ENTRIES SHOWN =>
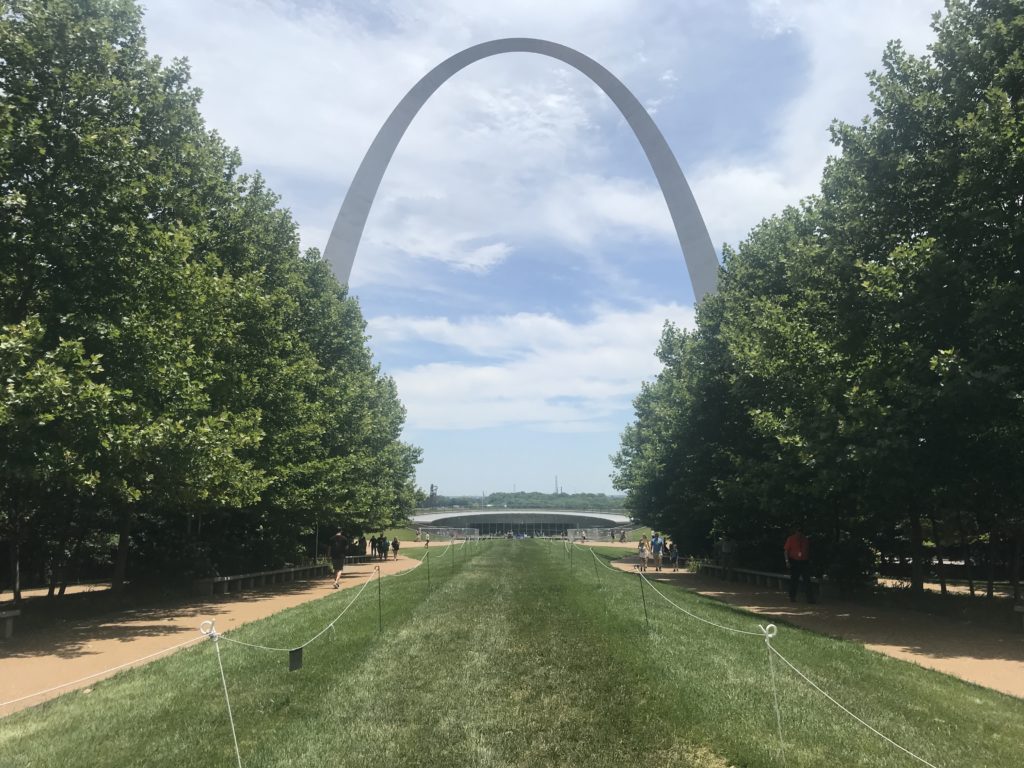 a path with trees and a large arch with Gateway Arch in the background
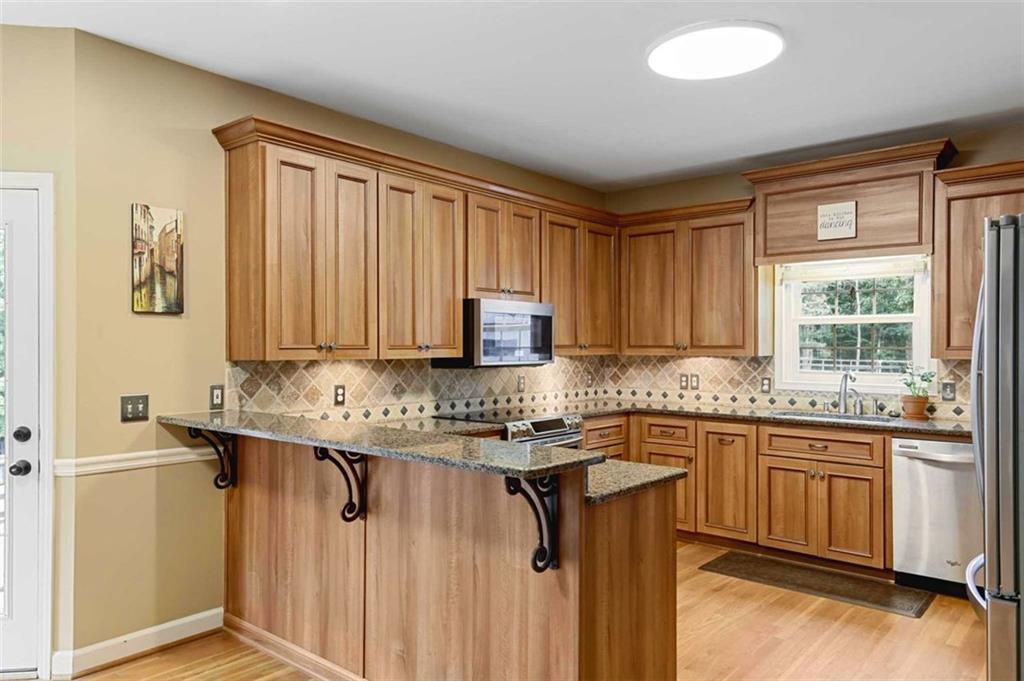 2203 Arbor Hill Road Canton, GA 30115 - Photo 38 of 64 a kitchen with a sink stove and cabinets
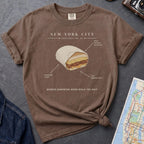 Brown t-shirt with a graphic of a bodega sandwich and text on a gray surface with a map.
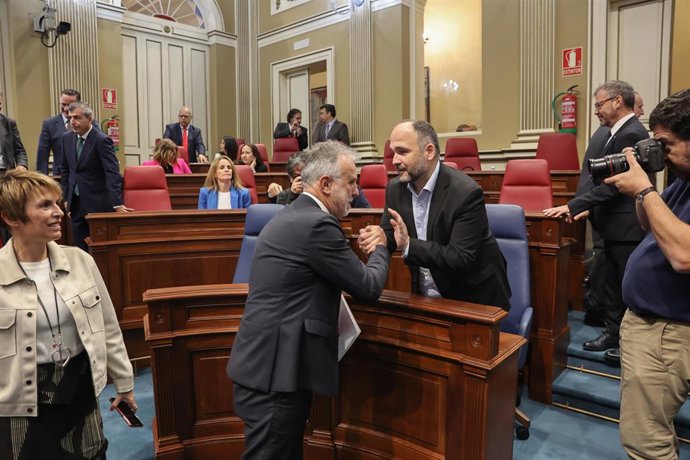 El presidente de Canarias, Ángel Víctor Torres (i), y el consejero de Transición Ecológica, Lucha contra el Cambio Climático y Planificación Territorial, José Antonio Valbuena (d), se saludan en el 'Debate sobre el Estado de la Nacionalidad'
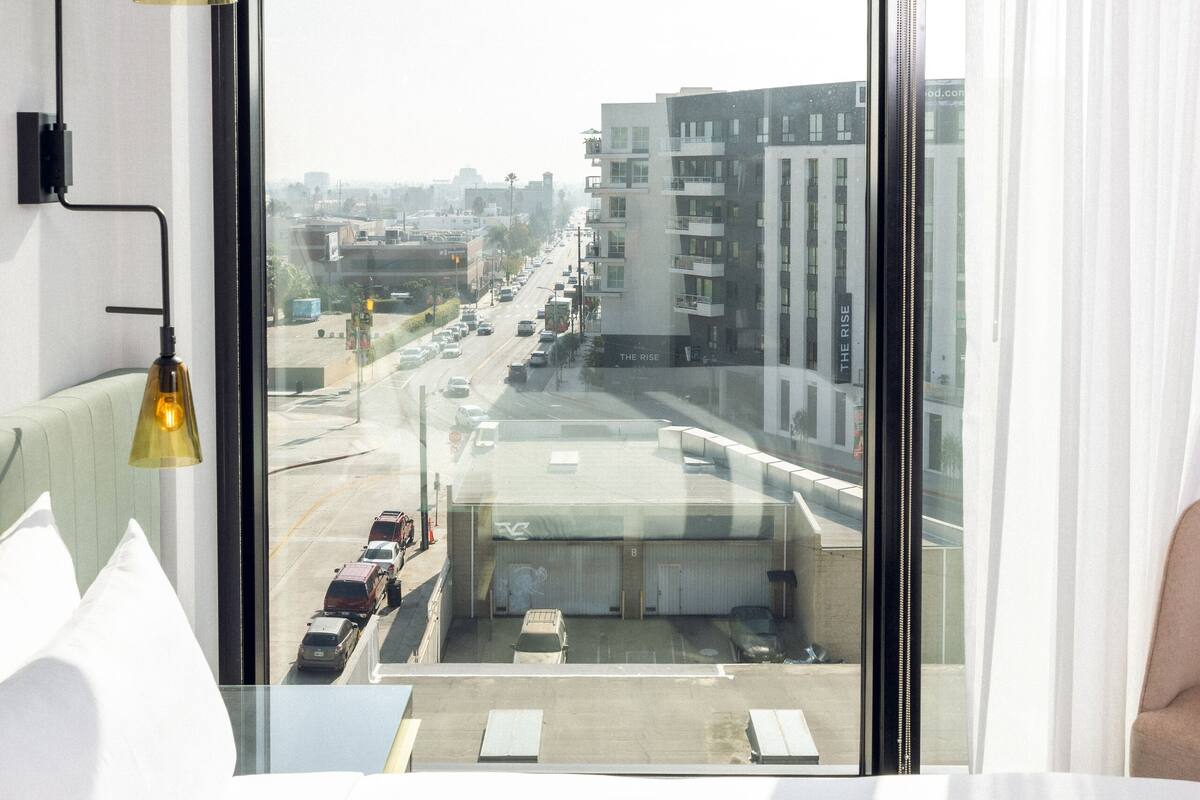 Ein Hotelzimmer mit großem Fenster und Blick auf die Stadt, einem Bett mit weißer Bettwäsche und einer modernen Lampe.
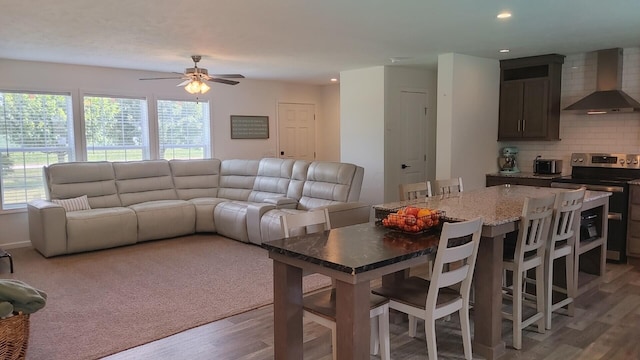 dining space with hardwood / wood-style flooring, ceiling fan, and a wealth of natural light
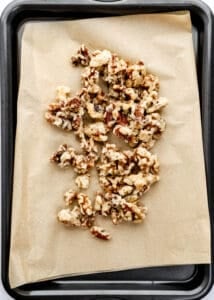 Candied walnuts on parchment lined sheet pan.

WHAT THE TASK REQUIRES => All that is required is the lines from the line containing "Brown t-shirt with" through the end of the records above, copied exactly, and none of the pictures.

RESULT BELOW =>
 Brown t-shirt with a graphic of a bodega sandwich and text on a gray surface with a map.
 El presidente de Canarias, Ángel Víctor Torres (i), y el consejero de Transición Ecológica, Lucha contra el Cambio Climático y Planificación Territorial, José Antonio Valbuena (d), se saludan en el 'Debate sobre el Estado de la Nacionalidad'
 Ein Hotelzimmer mit großem Fenster und Blick auf die Stadt, einem Bett mit weißer Bettwäsche und einer modernen Lampe.
 dining space with hardwood / wood-style flooring, ceiling fan, and a wealth of natural light
 Candied walnuts on parchment lined sheet pan.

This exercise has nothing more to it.